The statute also explicitly removes any possible defense based on the insiders' intentions or expectations not to engage in short-swing sales at the time of entering the transactions.
Thus the courts have consistently noted the congressional objective in creating a mechanical "flat rule" which reaches instances not merely with evil actually existing but where even the potential for speculative abuse is found. See Kern County, supra, 411 U.S. at 592. Reliance Electric Co. v. Emerson Electric Co., 404 U.S. 418, 422, 30 L. Ed. 2d 575, 92 S. Ct. 596 (1972).
Consequently no proof of actual abuse of insider information is required under such a standard, and the result is what Congress saw as a
"relatively arbitrary rule capable of easy administration [which] imposes strict liability upon substantially all transactions occurring within the statutory time period, regardless of the intent of the insider or the existence of actual speculation." Reliance Electric Co., supra, 404 U.S. at 422 quoting Bershad, supra, 428 F.2d at 696.
However, the mechanistic application of the Section does not extend to "unorthodox" transactions, see Kern County, supra, 411 U.S. at 594-95; Makofsky v. Ultra Dynamics Corp., 383 F. Supp. 631, 637 (S.D.N.Y. 1974). Thus the question this Court faces, and which many federal courts have grappled with in the past, to wit, whether particular transactions are "purchases" or "sales" within the meaning of the Section, cannot always be resolved by any mechanical test.
"The complexities of the commercial and financial world . . . have defied the draftmen's efforts at neat classification. Whether certain 'unorthodox' transactions . . . are 'purchases' or 'sales' for the purposes of section 16(b) cannot be resolved by mere reference to the words of the statute." Newmark, supra, 425 F.2d at 351.
It is well settled that in making this determination the purposes of Section 16(b) must be reviewed and the statutory interpretation rendered to effectuate those purposes. Reliance Electric Co., supra, 404 U.S. at 424. There is no "automatic rule", American Standard Inc. v. Crane Co., 510 F.2d 1043, 1057 (2d Cir. 1974).
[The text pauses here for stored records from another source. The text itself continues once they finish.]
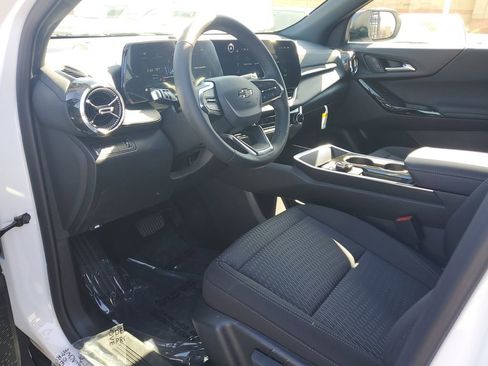 New 2026 Chevrolet Equinox LT image 17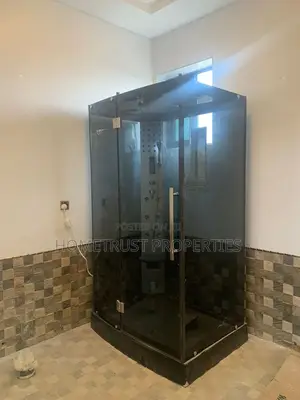 5bdrm Duplex in Kwabenya Acp for sale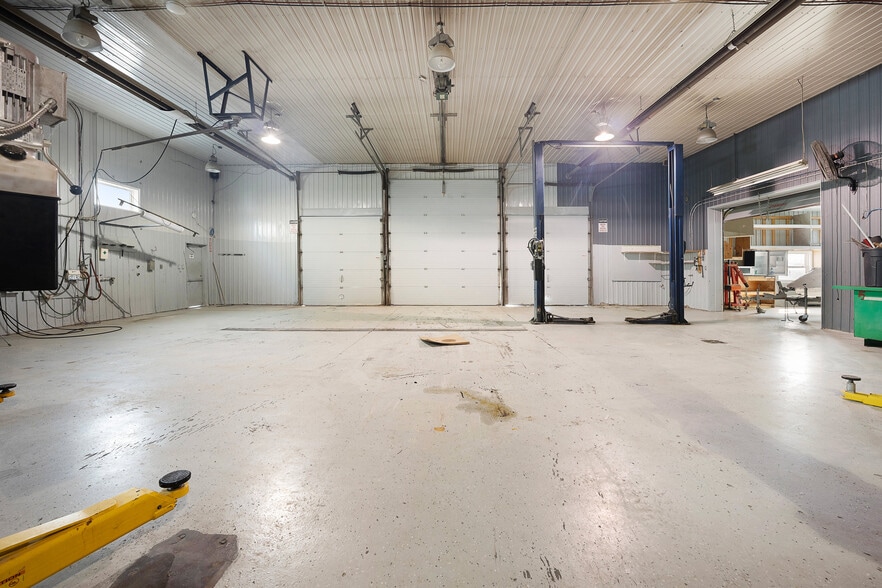 More Photos Of 20600 Hwy 2, Tilbury Auto Dealership For Sale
Consequently the Supreme Court has given the following directive in instances not clearly within the Section's coverage:
"In interpreting the terms 'purchase' and 'sale', courts have properly asked whether the particular type of transaction involved is one that gives rise to speculative abuse." Reliance Electric Co., supra, 404 U.S. at 424 n. 4, Kern County, supra, 411 U.S. at 595.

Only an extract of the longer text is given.